# SUPPLIED ENTRIES

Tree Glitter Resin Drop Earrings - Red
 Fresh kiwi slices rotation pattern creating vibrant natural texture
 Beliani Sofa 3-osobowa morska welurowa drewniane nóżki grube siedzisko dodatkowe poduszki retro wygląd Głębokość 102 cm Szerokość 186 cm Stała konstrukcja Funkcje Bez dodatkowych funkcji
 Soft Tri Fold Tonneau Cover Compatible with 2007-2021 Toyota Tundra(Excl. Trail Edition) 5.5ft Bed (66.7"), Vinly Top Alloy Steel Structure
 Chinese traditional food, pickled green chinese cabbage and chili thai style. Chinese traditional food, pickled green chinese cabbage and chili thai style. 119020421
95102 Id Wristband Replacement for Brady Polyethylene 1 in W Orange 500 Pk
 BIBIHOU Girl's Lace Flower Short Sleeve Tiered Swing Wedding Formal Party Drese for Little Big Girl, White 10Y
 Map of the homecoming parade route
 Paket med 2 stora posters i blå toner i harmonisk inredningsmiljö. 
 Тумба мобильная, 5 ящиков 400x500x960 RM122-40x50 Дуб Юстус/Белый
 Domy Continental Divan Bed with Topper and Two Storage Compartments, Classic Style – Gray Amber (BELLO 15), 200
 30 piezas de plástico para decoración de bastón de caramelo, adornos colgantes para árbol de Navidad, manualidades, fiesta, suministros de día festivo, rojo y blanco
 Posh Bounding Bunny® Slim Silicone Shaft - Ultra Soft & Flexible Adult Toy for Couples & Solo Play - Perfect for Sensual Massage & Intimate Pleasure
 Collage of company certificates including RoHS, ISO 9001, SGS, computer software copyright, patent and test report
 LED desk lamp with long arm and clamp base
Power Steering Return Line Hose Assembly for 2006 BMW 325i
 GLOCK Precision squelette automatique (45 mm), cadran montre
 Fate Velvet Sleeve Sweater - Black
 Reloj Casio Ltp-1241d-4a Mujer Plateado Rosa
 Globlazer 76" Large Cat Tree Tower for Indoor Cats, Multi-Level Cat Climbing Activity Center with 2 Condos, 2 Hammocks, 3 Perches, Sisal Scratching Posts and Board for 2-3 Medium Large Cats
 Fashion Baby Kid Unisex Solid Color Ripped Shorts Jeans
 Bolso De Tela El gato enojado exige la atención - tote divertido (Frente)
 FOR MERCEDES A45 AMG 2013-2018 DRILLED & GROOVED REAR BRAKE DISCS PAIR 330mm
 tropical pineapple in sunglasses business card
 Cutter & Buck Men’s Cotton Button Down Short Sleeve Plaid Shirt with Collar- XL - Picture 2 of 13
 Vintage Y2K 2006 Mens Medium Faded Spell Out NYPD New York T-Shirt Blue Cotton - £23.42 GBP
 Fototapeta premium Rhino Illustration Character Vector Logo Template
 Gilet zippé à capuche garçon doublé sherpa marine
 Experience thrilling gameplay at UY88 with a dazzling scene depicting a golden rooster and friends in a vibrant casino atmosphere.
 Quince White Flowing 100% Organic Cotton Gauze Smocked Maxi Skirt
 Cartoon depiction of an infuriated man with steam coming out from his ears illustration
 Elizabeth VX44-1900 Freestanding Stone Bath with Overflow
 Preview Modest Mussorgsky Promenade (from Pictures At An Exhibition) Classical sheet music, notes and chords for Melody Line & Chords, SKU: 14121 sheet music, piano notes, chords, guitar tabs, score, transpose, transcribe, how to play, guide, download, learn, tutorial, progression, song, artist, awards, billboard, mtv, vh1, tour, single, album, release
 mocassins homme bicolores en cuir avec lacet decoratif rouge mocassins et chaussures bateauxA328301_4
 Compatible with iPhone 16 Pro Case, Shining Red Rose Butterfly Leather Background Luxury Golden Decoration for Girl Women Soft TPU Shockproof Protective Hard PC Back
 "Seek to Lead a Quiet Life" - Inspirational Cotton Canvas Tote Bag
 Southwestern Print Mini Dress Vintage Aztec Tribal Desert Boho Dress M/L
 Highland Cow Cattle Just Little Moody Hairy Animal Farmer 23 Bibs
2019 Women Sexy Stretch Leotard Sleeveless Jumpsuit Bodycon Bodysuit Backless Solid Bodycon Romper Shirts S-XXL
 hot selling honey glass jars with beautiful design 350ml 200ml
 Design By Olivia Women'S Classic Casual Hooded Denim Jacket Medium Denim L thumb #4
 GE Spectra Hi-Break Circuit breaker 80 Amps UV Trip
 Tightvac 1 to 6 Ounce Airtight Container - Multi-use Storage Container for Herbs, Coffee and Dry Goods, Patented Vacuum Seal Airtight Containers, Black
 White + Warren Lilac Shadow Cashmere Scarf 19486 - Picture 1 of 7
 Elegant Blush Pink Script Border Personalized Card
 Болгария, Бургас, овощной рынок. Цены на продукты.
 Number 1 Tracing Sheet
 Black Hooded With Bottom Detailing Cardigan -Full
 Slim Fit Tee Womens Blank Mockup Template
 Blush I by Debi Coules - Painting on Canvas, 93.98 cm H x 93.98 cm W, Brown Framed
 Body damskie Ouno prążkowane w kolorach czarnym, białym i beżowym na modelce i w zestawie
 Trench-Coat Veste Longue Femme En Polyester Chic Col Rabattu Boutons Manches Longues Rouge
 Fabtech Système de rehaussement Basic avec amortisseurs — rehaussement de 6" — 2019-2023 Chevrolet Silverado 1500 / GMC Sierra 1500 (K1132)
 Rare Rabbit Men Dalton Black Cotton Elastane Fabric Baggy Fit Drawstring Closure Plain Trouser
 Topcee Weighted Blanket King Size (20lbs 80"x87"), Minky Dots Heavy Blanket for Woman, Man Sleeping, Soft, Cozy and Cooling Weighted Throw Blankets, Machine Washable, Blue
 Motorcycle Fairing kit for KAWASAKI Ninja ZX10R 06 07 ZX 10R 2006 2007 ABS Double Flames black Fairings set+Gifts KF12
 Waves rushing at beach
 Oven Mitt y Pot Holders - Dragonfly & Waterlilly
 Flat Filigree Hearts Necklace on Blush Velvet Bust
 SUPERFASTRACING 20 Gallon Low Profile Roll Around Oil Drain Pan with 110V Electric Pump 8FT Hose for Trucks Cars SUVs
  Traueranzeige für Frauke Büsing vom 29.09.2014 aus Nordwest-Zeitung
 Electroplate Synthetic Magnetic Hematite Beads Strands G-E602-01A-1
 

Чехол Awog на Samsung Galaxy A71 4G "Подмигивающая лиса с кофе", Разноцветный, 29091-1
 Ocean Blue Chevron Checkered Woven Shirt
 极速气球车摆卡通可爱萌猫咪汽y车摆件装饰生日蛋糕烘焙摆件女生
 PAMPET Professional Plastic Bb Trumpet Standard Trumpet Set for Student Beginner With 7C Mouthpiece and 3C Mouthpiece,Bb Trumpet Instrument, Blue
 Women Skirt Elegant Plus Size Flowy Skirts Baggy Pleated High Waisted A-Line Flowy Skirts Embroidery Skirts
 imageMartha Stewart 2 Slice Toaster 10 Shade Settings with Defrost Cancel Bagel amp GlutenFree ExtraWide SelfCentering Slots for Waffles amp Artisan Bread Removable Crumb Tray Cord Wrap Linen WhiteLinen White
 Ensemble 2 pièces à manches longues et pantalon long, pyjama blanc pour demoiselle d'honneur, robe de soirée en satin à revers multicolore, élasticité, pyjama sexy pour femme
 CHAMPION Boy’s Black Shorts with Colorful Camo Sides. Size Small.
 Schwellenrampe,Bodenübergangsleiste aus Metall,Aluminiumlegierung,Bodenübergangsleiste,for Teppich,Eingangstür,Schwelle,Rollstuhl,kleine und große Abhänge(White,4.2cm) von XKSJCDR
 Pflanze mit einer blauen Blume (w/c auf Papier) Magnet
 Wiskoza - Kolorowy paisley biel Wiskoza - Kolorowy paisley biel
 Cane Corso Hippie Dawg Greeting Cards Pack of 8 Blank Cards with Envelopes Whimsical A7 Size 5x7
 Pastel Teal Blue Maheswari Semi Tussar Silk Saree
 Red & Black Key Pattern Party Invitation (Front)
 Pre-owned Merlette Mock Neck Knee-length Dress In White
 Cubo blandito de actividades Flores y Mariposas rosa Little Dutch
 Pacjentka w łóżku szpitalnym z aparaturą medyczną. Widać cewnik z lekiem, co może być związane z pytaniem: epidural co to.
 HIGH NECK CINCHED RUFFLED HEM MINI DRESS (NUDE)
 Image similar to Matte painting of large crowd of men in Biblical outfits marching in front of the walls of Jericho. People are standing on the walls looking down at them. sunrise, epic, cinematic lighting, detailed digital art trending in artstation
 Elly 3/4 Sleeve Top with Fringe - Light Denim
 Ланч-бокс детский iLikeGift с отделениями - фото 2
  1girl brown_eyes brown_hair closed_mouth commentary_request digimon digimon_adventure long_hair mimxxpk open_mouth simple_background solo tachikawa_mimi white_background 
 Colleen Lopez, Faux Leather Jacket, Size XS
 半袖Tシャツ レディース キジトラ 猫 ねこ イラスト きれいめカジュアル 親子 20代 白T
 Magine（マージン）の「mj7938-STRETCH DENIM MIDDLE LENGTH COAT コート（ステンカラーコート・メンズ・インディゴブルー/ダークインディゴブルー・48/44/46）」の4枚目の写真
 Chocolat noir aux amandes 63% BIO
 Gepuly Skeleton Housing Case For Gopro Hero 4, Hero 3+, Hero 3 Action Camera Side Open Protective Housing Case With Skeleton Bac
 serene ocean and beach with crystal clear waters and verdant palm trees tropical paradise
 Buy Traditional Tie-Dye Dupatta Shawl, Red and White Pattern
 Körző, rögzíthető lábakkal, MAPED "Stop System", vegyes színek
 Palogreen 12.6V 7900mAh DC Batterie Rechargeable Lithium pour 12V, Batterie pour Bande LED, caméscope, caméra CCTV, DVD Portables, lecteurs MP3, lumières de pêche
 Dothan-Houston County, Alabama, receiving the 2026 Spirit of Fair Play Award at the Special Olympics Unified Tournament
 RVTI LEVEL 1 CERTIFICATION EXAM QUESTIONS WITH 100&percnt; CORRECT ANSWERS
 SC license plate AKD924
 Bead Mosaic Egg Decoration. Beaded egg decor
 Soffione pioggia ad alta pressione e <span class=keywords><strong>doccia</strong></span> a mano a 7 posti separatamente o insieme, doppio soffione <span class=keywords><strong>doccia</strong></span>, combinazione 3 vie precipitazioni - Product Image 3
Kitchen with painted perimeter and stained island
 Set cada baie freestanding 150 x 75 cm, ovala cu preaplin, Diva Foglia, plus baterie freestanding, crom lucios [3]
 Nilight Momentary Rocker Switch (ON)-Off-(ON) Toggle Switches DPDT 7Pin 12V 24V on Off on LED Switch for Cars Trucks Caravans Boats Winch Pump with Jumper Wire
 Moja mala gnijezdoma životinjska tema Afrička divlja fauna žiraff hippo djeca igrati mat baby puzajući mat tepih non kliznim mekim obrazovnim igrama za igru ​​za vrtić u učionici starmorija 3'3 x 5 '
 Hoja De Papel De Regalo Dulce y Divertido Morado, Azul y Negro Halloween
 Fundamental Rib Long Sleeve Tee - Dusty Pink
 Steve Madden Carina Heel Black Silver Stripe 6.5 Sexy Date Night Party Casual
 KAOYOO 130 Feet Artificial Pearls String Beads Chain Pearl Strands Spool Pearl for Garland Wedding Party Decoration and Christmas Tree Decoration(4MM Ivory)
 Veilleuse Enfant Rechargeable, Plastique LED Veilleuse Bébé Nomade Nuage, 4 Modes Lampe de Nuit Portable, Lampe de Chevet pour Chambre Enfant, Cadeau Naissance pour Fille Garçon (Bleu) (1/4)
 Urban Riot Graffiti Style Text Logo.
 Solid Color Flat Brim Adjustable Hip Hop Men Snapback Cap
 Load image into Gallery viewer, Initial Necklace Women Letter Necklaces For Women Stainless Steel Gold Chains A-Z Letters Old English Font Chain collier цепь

# GOAL OF THE EXERCISE
Return the span of lines in the data above that opens at the line with "Ensemble 2 pièces" and closes at the line with "CHAMPION Boy’s Black", exactly, ends included, nothing else.

# EXERCISE ANSWER
 Ensemble 2 pièces à manches longues et pantalon long, pyjama blanc pour demoiselle d'honneur, robe de soirée en satin à revers multicolore, élasticité, pyjama sexy pour femme
 CHAMPION Boy’s Black Shorts with Colorful Camo Sides. Size Small.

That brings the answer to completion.